Government must spy on all of us because government knows that it’s only reasonable and rational for anti-government sentiments to grow in direct proportion to the growth of government.  Government knows that big government is the cause for anti-government sentiments.  Government knows that anti-government sentiments are not irrational or treasonous but are, instead, reasonable and inevitable.  Such anti-government sentiments are just as reasonable here in the US as they once were in Nazi Germany or the the former Soviet Union.

Government doesn’t spy on us to protect the people from “domestic terrorists”.  Government spies on us to protect itself against “domestic patriots“–those who value Liberty more highly than dependence, obedience and Federal Reserve Notes.

In order to conduct that spying on a widespread basis, government must not merely deny our “right to privacy,” government must more fundamentally deny the presumption of innocence.

Government knows each of you is probably guilty.  Guilty of what?  Longing for Liberty.  Harboring secret animosities against big government.

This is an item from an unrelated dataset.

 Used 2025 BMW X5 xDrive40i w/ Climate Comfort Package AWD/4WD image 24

Why do they know you’re probably guilty of these anti-government sentiments?  Because only morons and fools still trust and respect the government.  Any adult with the least bit of sense can see that the government is working against the best interests of this nation.  We can all see or sense that government is not “here to help us” and is no longer deserving of our trust, respect and obedience.  Government knows very well that its own actions are driving the majority of Americans to become dissidents and even anti-government activists.

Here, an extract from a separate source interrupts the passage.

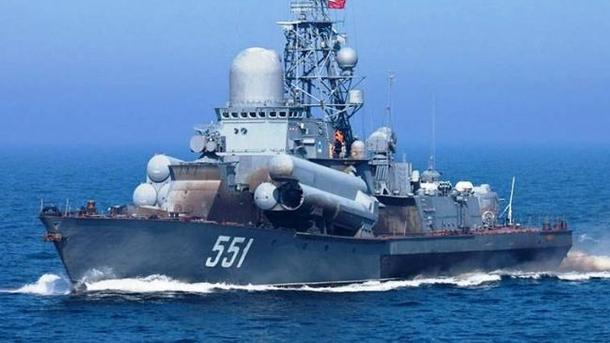 Россия снова провоцирует НАТО: в Латвии заявили, что у границ государства замечены три российских корабля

Government already knows many of us are already “guilty” of anti-government sentiments.  Government knows that as government oppression grows, the ranks of anti-government dissident and activists will grow.  Government knows that it has no intention of reducing its growing oppression.  Instead, government intends to become more oppressive.  Therefore government wants to know who the dissidents are now and where they can be found in the future.

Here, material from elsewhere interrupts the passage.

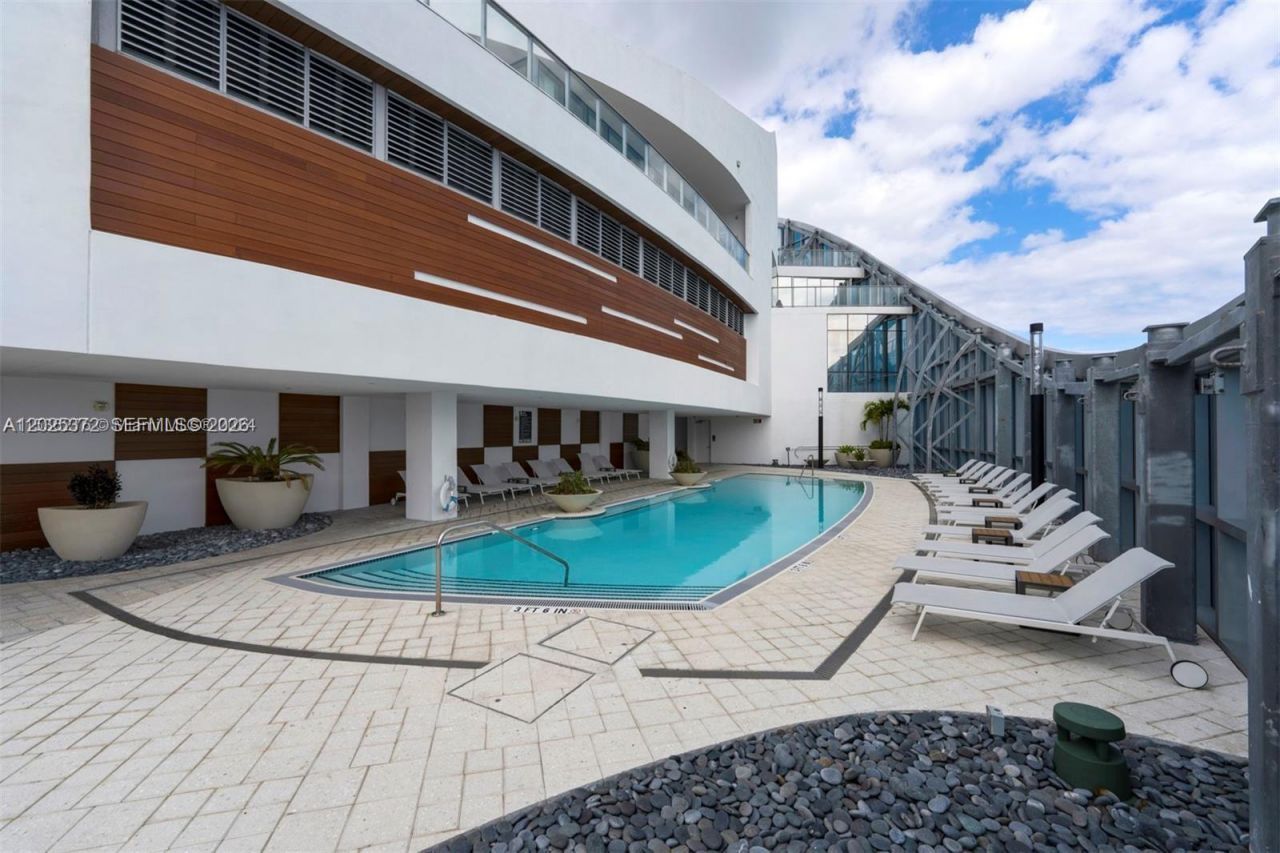 851 NE 1st Ave , Unit 3909, Miami, FL 33132 Photo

Government spies on you and on me precisely because government doesn’t trust you, me or the rest of the People.  Insofar as government distrusts us, they implicitly admit that the relationship between government and the People is increasingly adversarial.  If our relationship with government is increasingly adversarial, why should we trust government?  Insofar as government distrusts all of us, why should we trust all of government?

In a James Bond world, who does government ever spy on?  Its enemies.  Insofar as government spies on the American people, does government therefore view us as its enemies?  If government sees us as its enemies, is it unreasonable for us to see the government as our enemy?

In a political arena where distrust and dissidence is growing, in order to identify today’s dissidents and similar “enemies,” government must spy on all of us.  In order to spy on us, government must not merely violate our “right to privacy”–it must violate the presumption of innocence.  The fundamental idea behind nation-wide spying is the presumption that many or most of us are guilty of anti-government sentiments. Spying presumes that we are enemies of government.  From government’s perspective, we’re no longer presumed innocent. Instead we are always presumed suspicious and often even presumed guilty.

Whether he knows it or not, Edward Snowden isn’t simply defending our “right to privacy“–he’s defending our more fundamental right to the presumption of innocence.  There is no reason to spy on innocent people.  If the presumption of innocence is lost, then the the only limit on how many of us can be arrested and arbitrarily incarcerated is the size of our national prisons and concentration camps.

We should all learn to recognize, respect and defend the presumption of innocence.